*ABOUT THIS TASK*. Below are some records. Retype exactly the lines from the one containing "Although masonry can" through the one containing "This phone is", both included, skipping every picture.

Stored items
══════

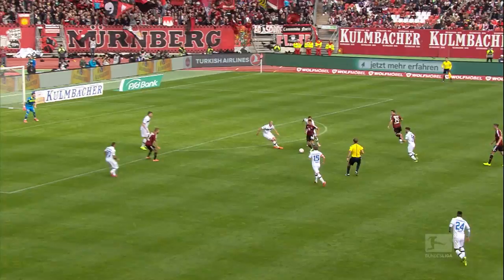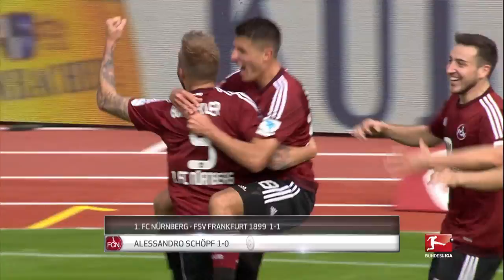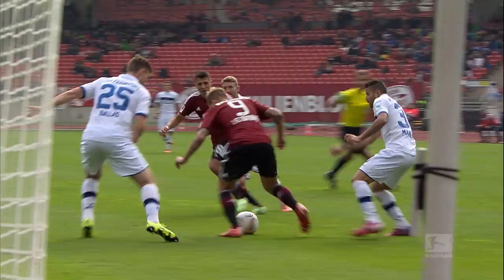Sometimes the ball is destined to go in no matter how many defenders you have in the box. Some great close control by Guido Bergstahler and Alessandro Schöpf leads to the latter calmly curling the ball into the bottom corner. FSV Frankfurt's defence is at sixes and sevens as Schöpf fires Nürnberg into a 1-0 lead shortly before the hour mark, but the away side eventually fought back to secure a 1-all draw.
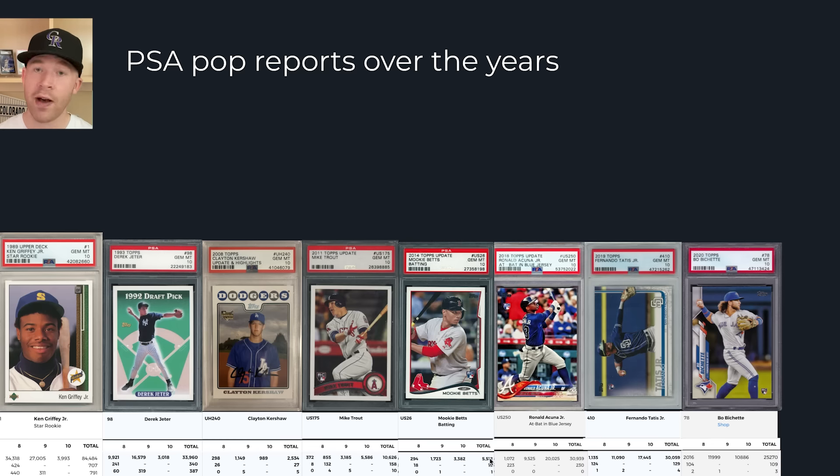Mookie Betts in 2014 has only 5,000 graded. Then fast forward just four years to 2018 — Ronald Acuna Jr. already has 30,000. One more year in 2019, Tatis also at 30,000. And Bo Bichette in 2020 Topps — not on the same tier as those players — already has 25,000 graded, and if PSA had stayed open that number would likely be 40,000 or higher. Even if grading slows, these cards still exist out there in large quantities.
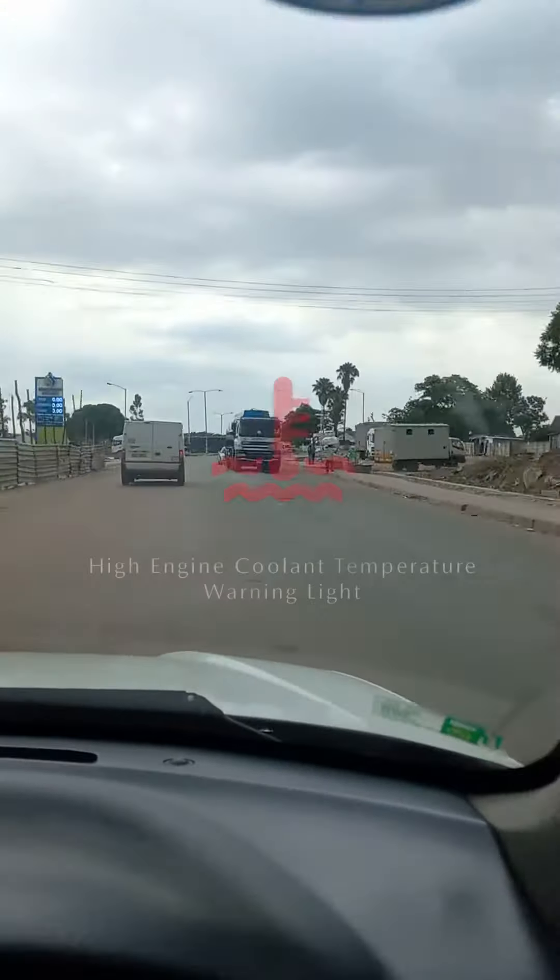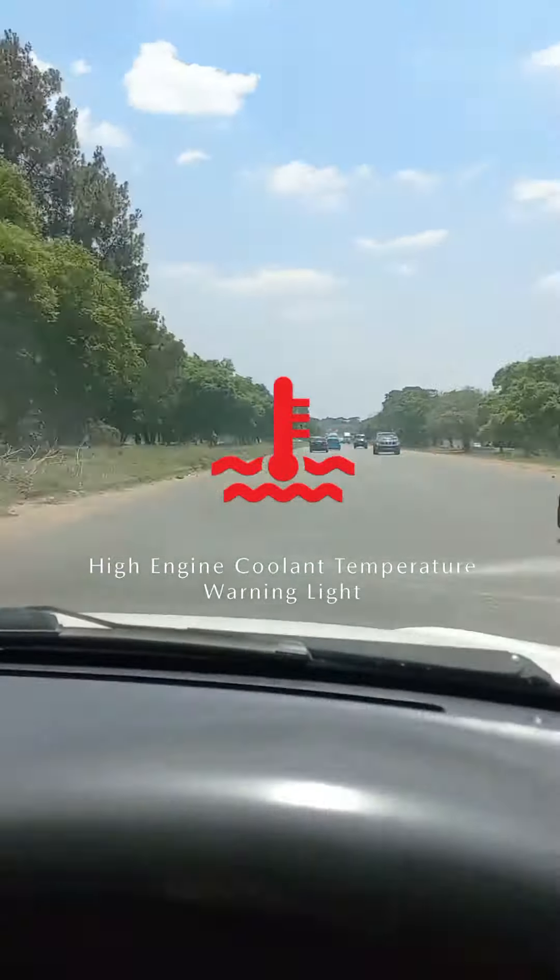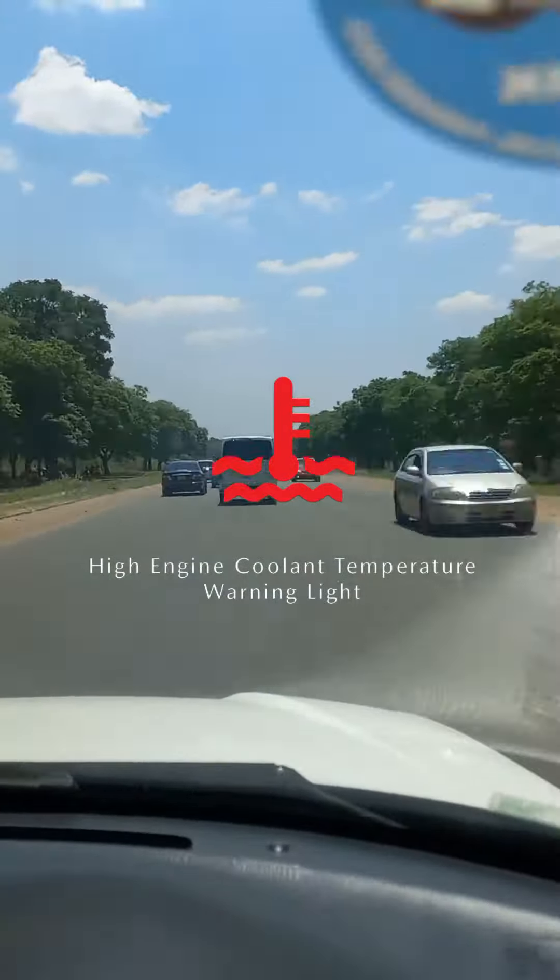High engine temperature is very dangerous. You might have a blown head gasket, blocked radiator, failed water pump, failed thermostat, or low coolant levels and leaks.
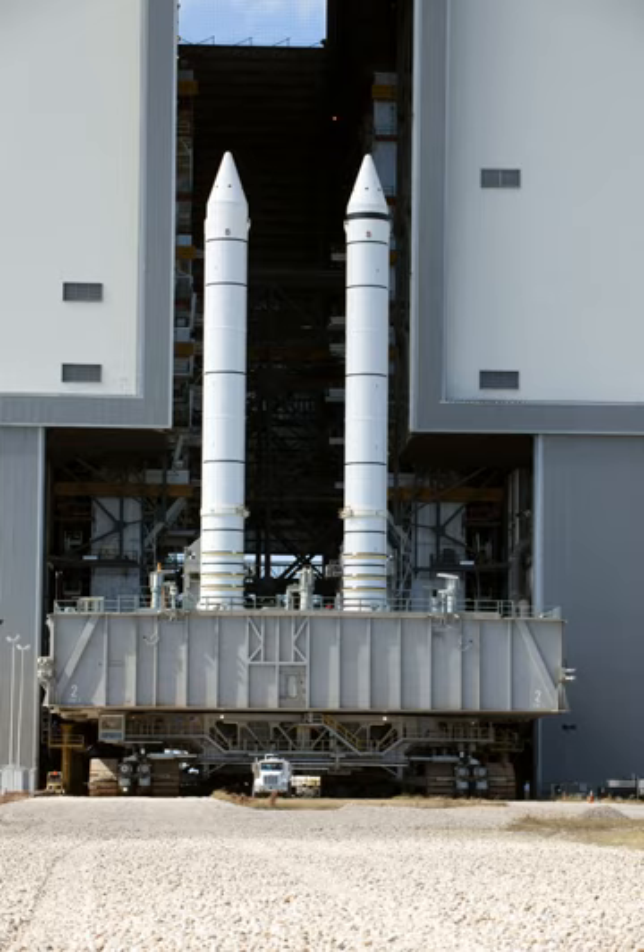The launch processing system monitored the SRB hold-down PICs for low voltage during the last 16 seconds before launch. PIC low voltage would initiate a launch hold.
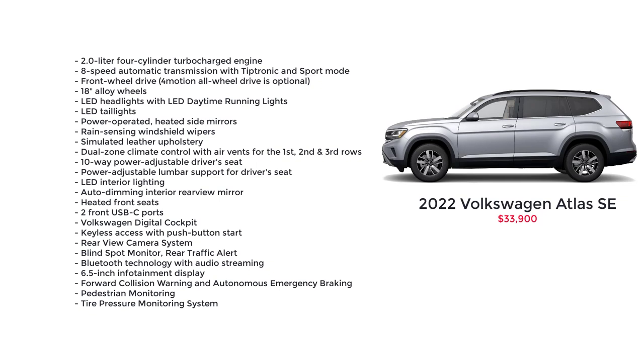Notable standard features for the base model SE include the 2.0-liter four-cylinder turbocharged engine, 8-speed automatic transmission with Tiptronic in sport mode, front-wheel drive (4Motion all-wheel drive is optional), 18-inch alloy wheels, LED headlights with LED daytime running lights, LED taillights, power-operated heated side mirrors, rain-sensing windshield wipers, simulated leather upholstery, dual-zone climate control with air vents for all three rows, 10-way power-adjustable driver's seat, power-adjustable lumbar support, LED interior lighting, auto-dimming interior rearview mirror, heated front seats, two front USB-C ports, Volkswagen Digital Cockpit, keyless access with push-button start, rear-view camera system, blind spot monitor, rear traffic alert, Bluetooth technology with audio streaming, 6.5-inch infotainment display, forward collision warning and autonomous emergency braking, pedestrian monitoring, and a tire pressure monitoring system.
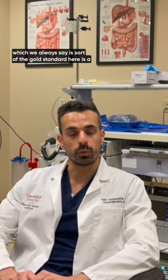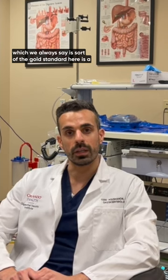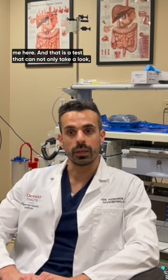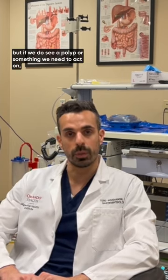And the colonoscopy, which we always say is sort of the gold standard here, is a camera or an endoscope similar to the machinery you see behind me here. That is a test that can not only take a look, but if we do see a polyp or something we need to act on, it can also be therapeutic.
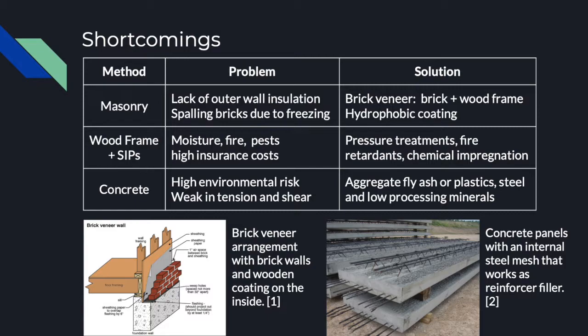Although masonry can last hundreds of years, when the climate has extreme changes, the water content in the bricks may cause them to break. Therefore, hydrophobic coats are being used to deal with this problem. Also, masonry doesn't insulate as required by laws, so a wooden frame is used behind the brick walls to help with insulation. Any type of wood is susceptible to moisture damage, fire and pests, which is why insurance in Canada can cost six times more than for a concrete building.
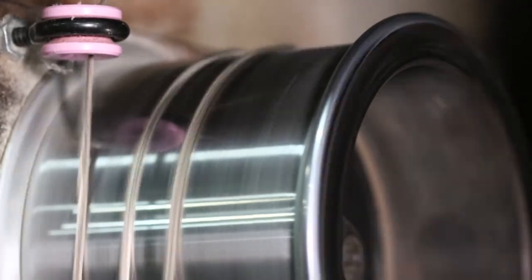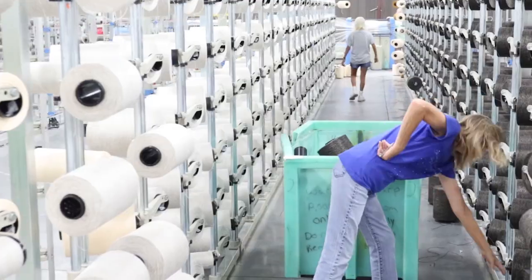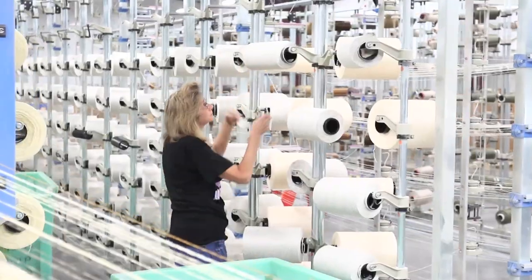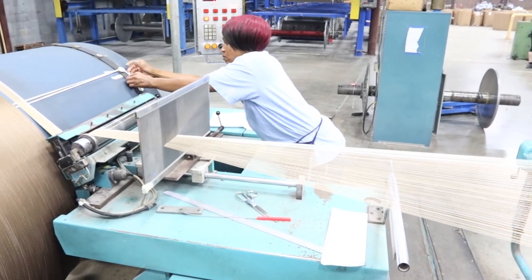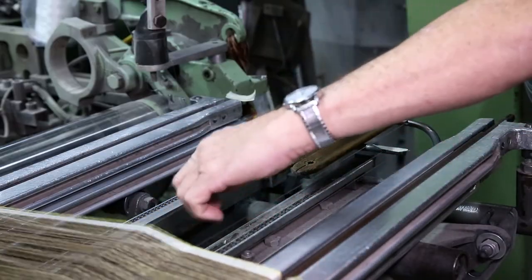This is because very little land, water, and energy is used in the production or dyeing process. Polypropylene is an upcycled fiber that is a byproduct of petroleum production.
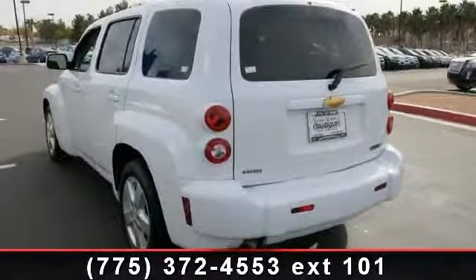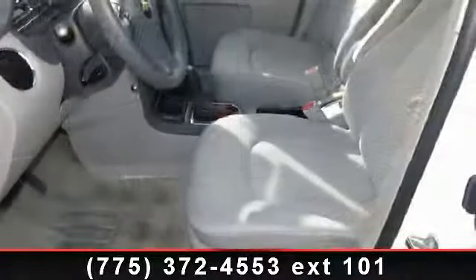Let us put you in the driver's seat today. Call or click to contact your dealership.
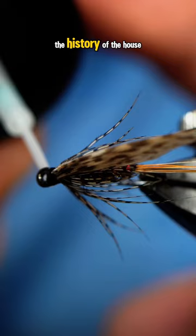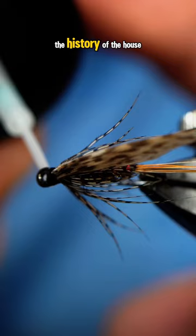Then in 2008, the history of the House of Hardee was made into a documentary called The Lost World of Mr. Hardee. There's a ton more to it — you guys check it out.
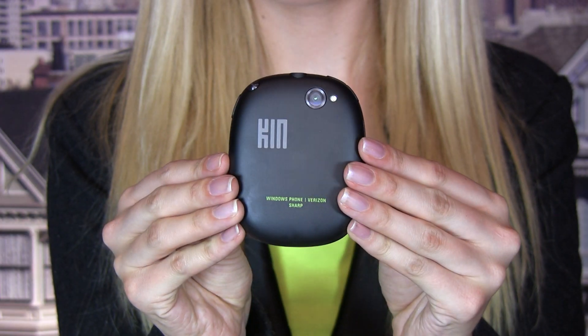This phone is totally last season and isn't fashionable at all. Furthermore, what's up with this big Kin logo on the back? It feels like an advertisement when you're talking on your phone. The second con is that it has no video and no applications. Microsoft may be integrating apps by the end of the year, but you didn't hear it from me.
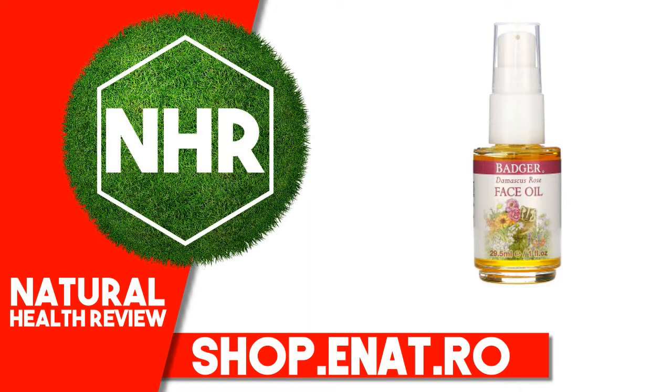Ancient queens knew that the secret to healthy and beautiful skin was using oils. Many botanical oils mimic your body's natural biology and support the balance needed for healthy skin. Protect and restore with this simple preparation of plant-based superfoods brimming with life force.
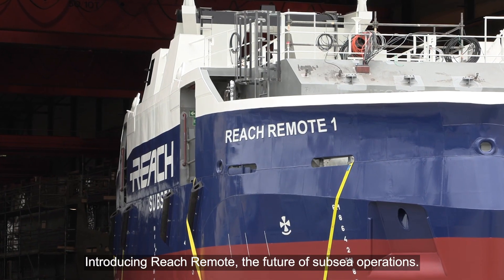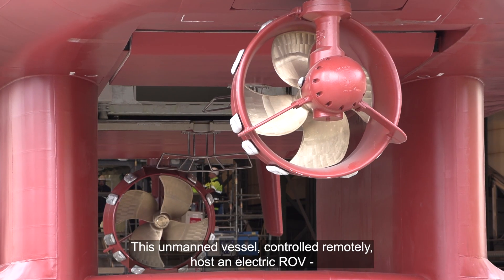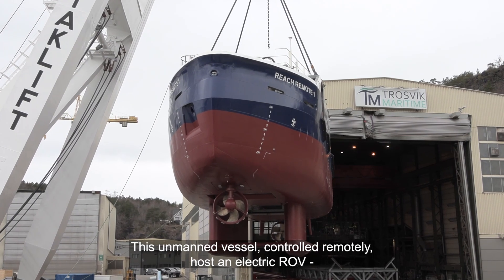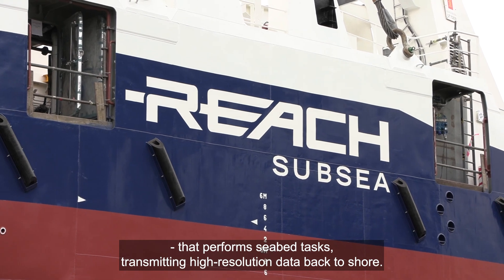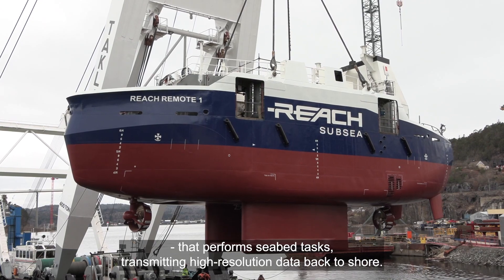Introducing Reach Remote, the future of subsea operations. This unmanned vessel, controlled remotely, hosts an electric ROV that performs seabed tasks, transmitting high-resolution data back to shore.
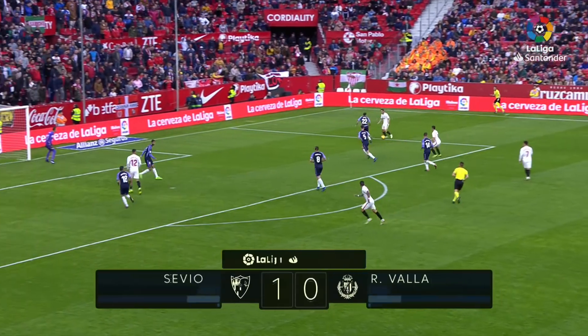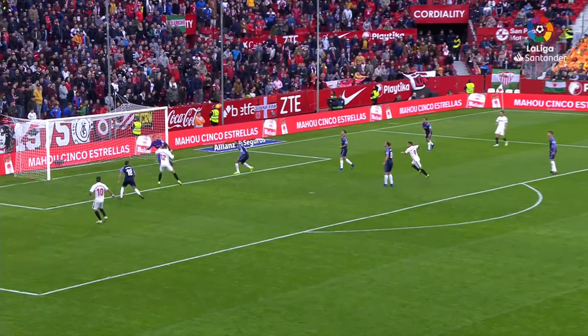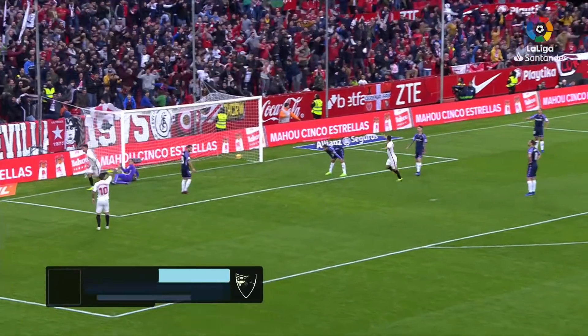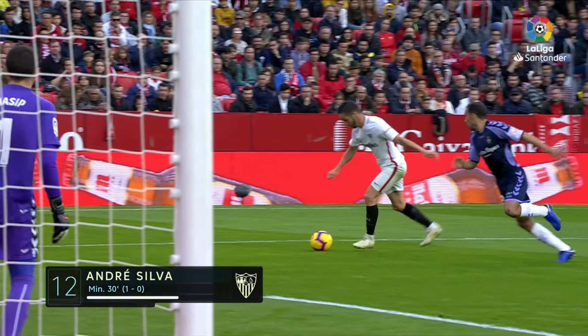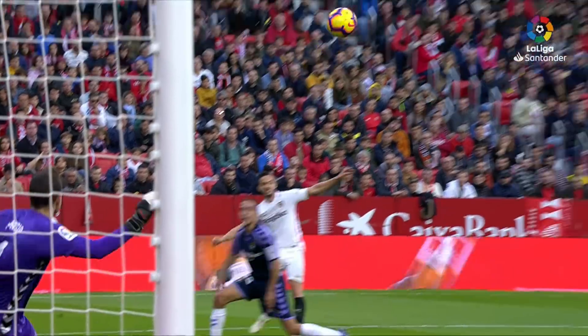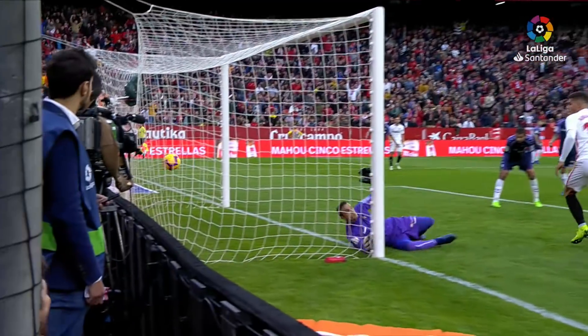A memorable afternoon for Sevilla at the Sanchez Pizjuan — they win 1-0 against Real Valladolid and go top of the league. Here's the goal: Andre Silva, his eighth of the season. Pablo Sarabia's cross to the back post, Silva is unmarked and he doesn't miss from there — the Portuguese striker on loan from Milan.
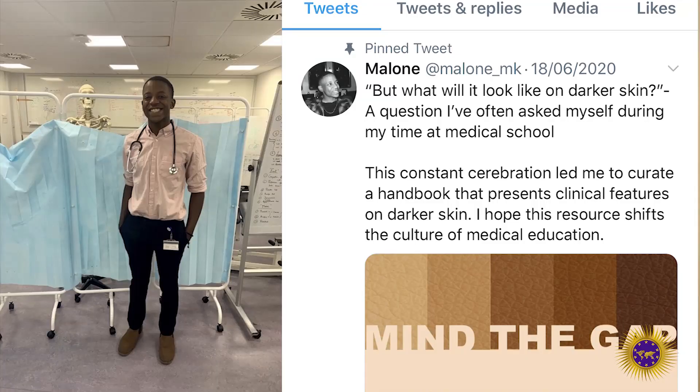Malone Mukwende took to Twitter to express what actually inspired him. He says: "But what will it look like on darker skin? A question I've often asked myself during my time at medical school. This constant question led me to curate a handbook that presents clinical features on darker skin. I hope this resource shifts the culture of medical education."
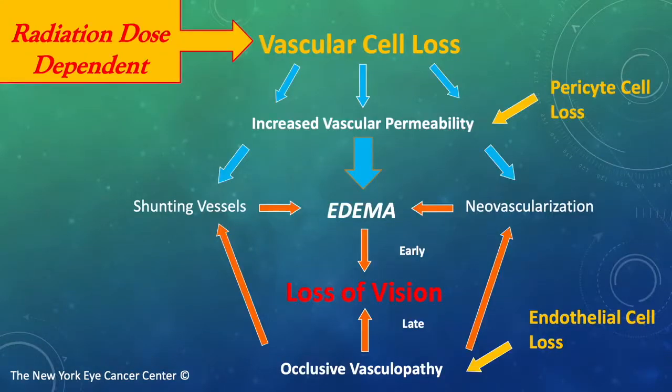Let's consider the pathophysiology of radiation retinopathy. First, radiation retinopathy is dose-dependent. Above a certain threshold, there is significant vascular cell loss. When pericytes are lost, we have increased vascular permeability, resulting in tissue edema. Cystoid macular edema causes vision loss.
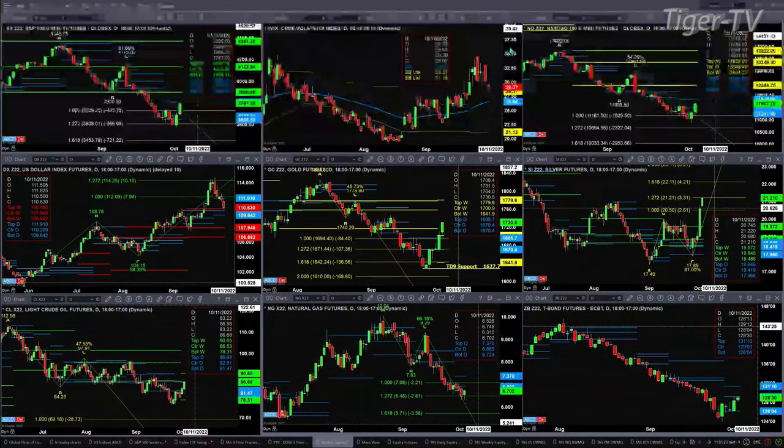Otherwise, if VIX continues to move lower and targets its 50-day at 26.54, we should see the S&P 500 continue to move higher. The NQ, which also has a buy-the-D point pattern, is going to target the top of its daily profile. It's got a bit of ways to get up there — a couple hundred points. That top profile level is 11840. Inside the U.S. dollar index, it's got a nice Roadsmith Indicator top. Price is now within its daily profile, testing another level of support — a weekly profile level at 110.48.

══════

*EXERCISE RESPONSE*.
Although masonry can last hundreds of years, when the climate has extreme changes, the water content in the bricks may cause them to break. Therefore, hydrophobic coats are being used to deal with this problem. Also, masonry doesn't insulate as required by laws, so a wooden frame is used behind the brick walls to help with insulation. Any type of wood is susceptible to moisture damage, fire and pests, which is why insurance in Canada can cost six times more than for a concrete building.
This is because very little land, water, and energy is used in the production or dyeing process. Polypropylene is an upcycled fiber that is a byproduct of petroleum production.
Let us put you in the driver's seat today. Call or click to contact your dealership.
Then in 2008, the history of the House of Hardee was made into a documentary called The Lost World of Mr. Hardee. There's a ton more to it — you guys check it out.
This phone is totally last season and isn't fashionable at all. Furthermore, what's up with this big Kin logo on the back? It feels like an advertisement when you're talking on your phone. The second con is that it has no video and no applications. Microsoft may be integrating apps by the end of the year, but you didn't hear it from me.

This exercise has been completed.